Questão nº 31
Questão de Direito Administrativo · FCC TRT5 2022 (nº 31)
Suponha que o órgão jurídico de determinado ente público tenha proferido parecer opinando pela legalidade de aditivo contratual, celebrado em função do reconhecimento de obrigação legal do contratante público em reestabelecer a equação econômico financeira original do contrato. Com base em tal aditivo, que previa um determinado fluxo de pagamentos futuros, o particular contraiu financiamento bancário para executar suas obrigações contratuais. Ocorre que o órgão jurídico da entidade alterou seu entendimento geral quanto à aplicação das hipóteses legais que determinam o reequilíbrio, o que levou a entidade a anunciar a intenção de anular todos os aditivos fundados na orientação jurídica superada. O contratado, por seu turno, invocou em seu benefício os preceitos da Lei de Introdução ao Direito Brasileiro (LINDB). Tal invocação mostra-se
- Aparcialmente cabível, pois, embora não autorize a manutenção de atos ou contratos fundados em orientação jurídica superada, referido diploma determina a adoção de medidas de modulação.
- Bdescabida, eis que o referido diploma veio justamente alargar a margem de interpretação administrativa in abstrato, esta que não deve levar em conta os efeitos concretos em relação ao administrado.
- Cimpertinente, dado que referido diploma aplica-se às relações envolvendo a Administração pública exclusivamente no que concerne à responsabilização dos agentes em caso de erro grosseiro.
- Dcabível, na medida em que o referido diploma veio a limitar a autotutela da Administração apenas a situações que envolvam dolo, vedando a revisão de atos em que o referido elemento subjetivo não esteja presente.
- Epertinente, em tese, eis que referida Lei veda a revisão da validade de ato ou contrato que envolvam situações plenamente constituídas com base em mudança posterior de orientação geral. (alternativa correta)
Resposta comentada
Gabarito Alternativa E
A Lei de Introdução às Normas do Direito Brasileiro (LINDB), em seus artigos 20 a 30, trouxe princípios importantes para a atuação da Administração Pública, como a segurança jurídica e a proteção da confiança, exigindo que as decisões administrativas considerem as consequências práticas e não prejudiquem o administrado que agiu de boa-fé com base em orientação anterior.
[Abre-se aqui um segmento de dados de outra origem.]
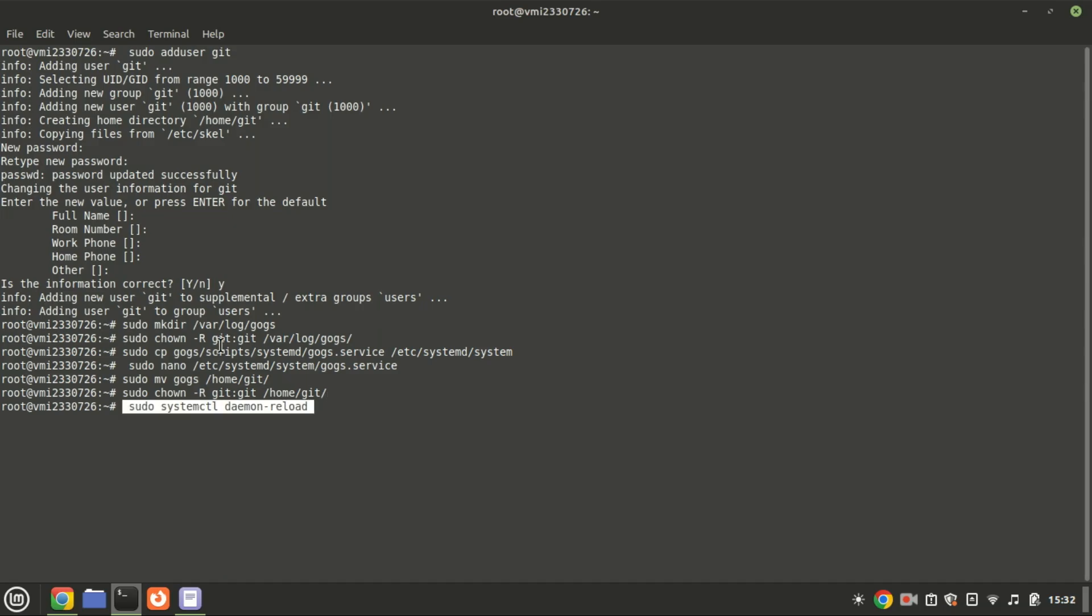To start the GOGS service, run the following commands and then check the status.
- (A) Incorreta: A LINDB, especialmente o Art. 24, veda a revisão da validade de atos consolidados com base em nova interpretação que prejudique o administrado de boa-fé, o que é mais do que apenas "não autorizar a manutenção". A modulação (Art. 23) é para o regime de transição de novas regras, não para anular atos passados válidos.
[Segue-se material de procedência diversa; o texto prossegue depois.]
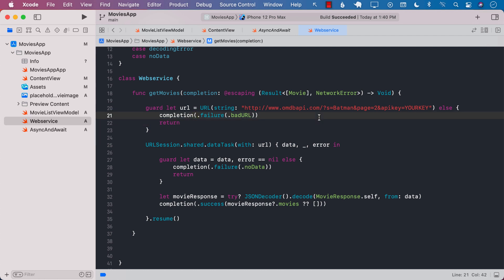Hello everyone, in this small video we are going to talk about async and await and we're just going to take a very brief overview of what exactly is async and await from the point of making a request.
- (B) Incorreta: A LINDB (Arts. 20 e 21) veio justamente para que a Administração considere os efeitos concretos de suas decisões e evite interpretações puramente abstratas, o oposto do que a alternativa afirma.
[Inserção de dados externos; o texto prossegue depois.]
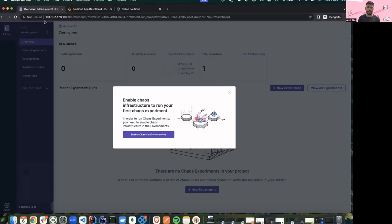Thanks Aranya, for displaying all the new features we have with Litmus 3.0 and how we have changed the usage of chaos and the curation of experiments from Litmus 2.0 to Litmus 3.0 — a lot of new features are there. So now we'll be moving forward with the demo.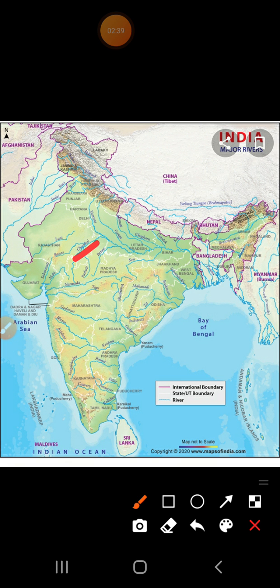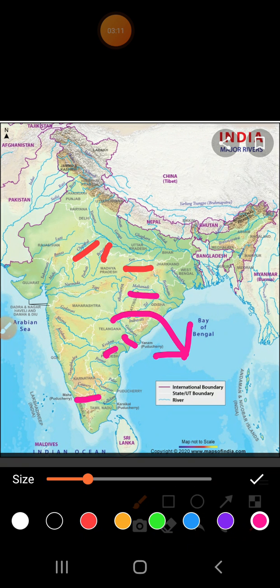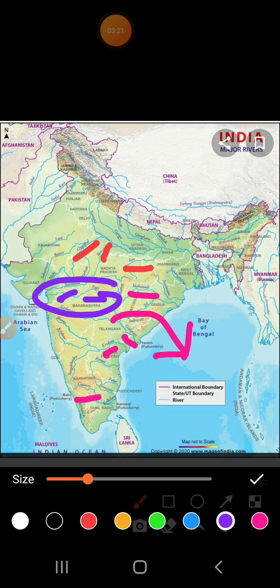To repeat: the different rivers in the Central Highlands are Chambal, Bitwa, and Sun. The rivers in the Deccan Plateau are Mahanadi, Godavari, Krishna, and Kaveri — these rise in the west, move from west to east, and fall into the Bay of Bengal. Narmada and Tapi are the two rivers that flow from east to west into the Arabian Sea.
- (C) Incorreta: A aplicação da LINDB à Administração Pública vai muito além da responsabilização por erro grosseiro (Art. 28), abrangendo a segurança jurídica, a proteção da confiança, a consideração das consequências práticas e a estabilidade das relações jurídicas.
- (D) Incorreta: A LINDB não limita a autotutela da Administração apenas a situações de dolo. A autotutela continua existindo, mas é temperada pela LINDB quando há mudança de interpretação e prejuízo ao administrado de boa-fé, não exigindo dolo para sua limitação nesses casos.
- (E) Correta: Esta alternativa está em plena consonância com o Art. 24 da LINDB, que estabelece que a revisão da validade de ato ou contrato cuja produção já se houver completado levará em conta as orientações gerais da época de sua edição, sendo vedado que nova interpretação retroaja para prejudicar o administrado que tenha agido de boa-fé com base na orientação então vigente. O contratado agiu de boa-fé, contraiu financiamento com base na orientação anterior, configurando uma situação plenamente constituída.
Fonte: FCC TRT5 2022 Analista Judiciário - Área Judiciária (Caderno Tipo 002). Reproduzida para fins de estudo.